Hundreds of Apple staff brace for axFinance | Sophie Hui 22 Jun 2021
Staff of pro-democracy tabloid Apple Daily have been told the newspaper could end operations on Saturday unless Hong Kong authorities release assets frozen as part of a national security investigation.
A board meeting was held yesterday to discuss the way forward and the board sent a letter to the Secretary for Security, John Lee Ka-chiu, asking him to unfreeze the company's assets so employees can be paid.
An internal message to 800 employees said if the funds are not forthcoming, no articles will be uploaded to the media outlet's digital platforms after 11.59pm on Friday, while the last newspaper will come out on Saturday morning.
Staff were told they could resign immediately if they wished and they would not have to work a notice period. Those who decide to stay can get severance pay after the newspaper shuts down.
It is understood that the management also asked department heads to see whether staff are staying or leaving as a wave of resignations followed in some departments.
The board was expected to meet again on Friday to make a final decision on whether to cease operations.
Sources said Apply Daily English news had its last day yesterday.
Staff were supposed to get their wages at the end of the month, with the company having less than 10 days to solve the issue if it does not want to breach the labor laws.
Mark Simon, an adviser to Next Digital founder Jimmy Lai Chee-ying, told Reuters that it had become impossible for the newspaper to conduct banking operations.
"We thought we'd be able to make it to the end of the month," Simon said. "It's just getting harder and harder. It's essentially a matter of days.

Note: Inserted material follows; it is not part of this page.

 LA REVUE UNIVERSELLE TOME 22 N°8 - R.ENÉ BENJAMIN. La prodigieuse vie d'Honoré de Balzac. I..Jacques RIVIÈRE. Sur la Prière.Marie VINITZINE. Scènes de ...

"Vendors tried to put money into our accounts and were rejected. We can't bank. Some vendors tried to do that as a favor. We just wanted to find out and it was rejected."
Lee issued an order on Thursday to freeze HK$18 million of assets of Apple Daily Ltd, Apple Daily Printing and the AD Internet.

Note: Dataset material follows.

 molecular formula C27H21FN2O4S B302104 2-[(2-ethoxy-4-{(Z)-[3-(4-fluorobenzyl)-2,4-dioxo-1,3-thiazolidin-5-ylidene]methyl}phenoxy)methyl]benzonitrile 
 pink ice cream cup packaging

The paper is accused of endangering national security by publishing a series of articles calling for foreign sanctions.
Police also arrested five senior executives of Next Digital and Apple Daily on Thursday.
Next Digital chief executive Cheung Kim-hung, Apple Daily editor-in-chief Ryan Law Wai-kwong and the three companies were charged with conspiracy to collude with a foreign country.

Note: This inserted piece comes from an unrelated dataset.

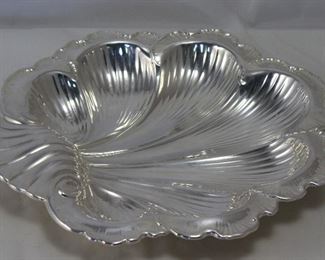 Gorham Silverplate 12” clam shell serving bowl 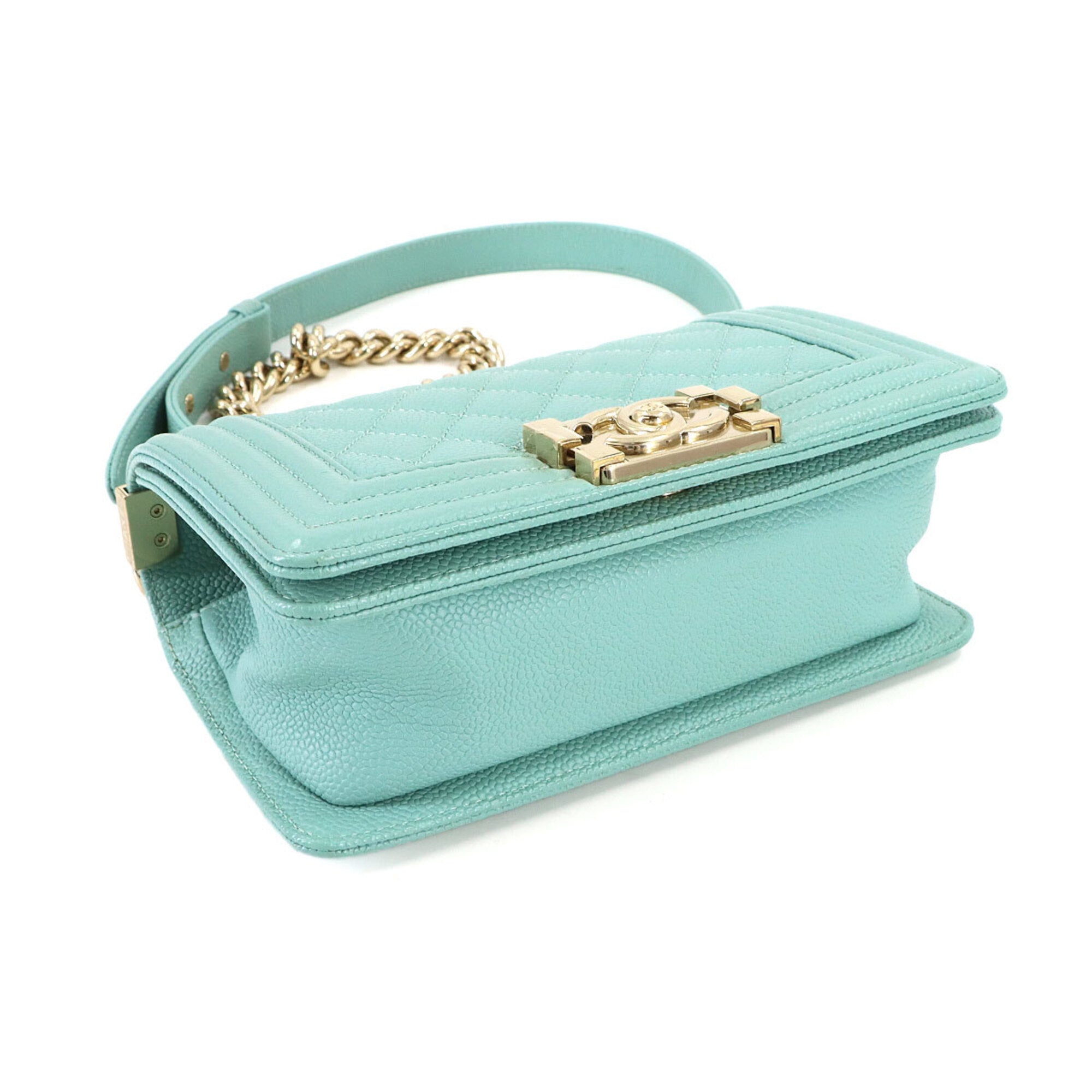 Chanel Blue Grained Calfskin Handbag Shoulder Bag (Pre-Owned)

Three other Apple Daily senior executives - Chan Pui-man, Royston Chow Tat-kuen and Cheung Chi-wai - were arrested on Thursday and released on bail on Friday.
The 73-year-old Lai is serving a 20-month sentence in Stanley Prison for his role in unauthorized assemblies in 2019. He also faces charges of conspiracy to pervert the course of justice, and national security offenses that carry a maximum sentence of life imprisonment.
His shares in Next Digital and three private companies, and all assets in local bank accounts, were frozen last month.
Apple Daily celebrated its 26th anniversary on Sunday.
A supporter of the newspaper, Cheung, 25, said he will continue to buy the newspaper until its last publication.
"Yes, there might be minor mistakes or errors here and there, but Apple Daily is, in my view, the symbol of freedom of expression, which is stipulated in the Basic Law," Cheung said, adding he has read the newspaper since he was small.
"It would be a pity to have Apple Daily closed down, and I can see it as a clear and strong signal reminding us to be politically correct and this is what will happen if we work against the government," he said.
Meanwhile, former chief executive Leung Chun-ying, who is a small shareholder of Next Digital, has sent a legal letter to each board member, saying he reserves the right to take legal action.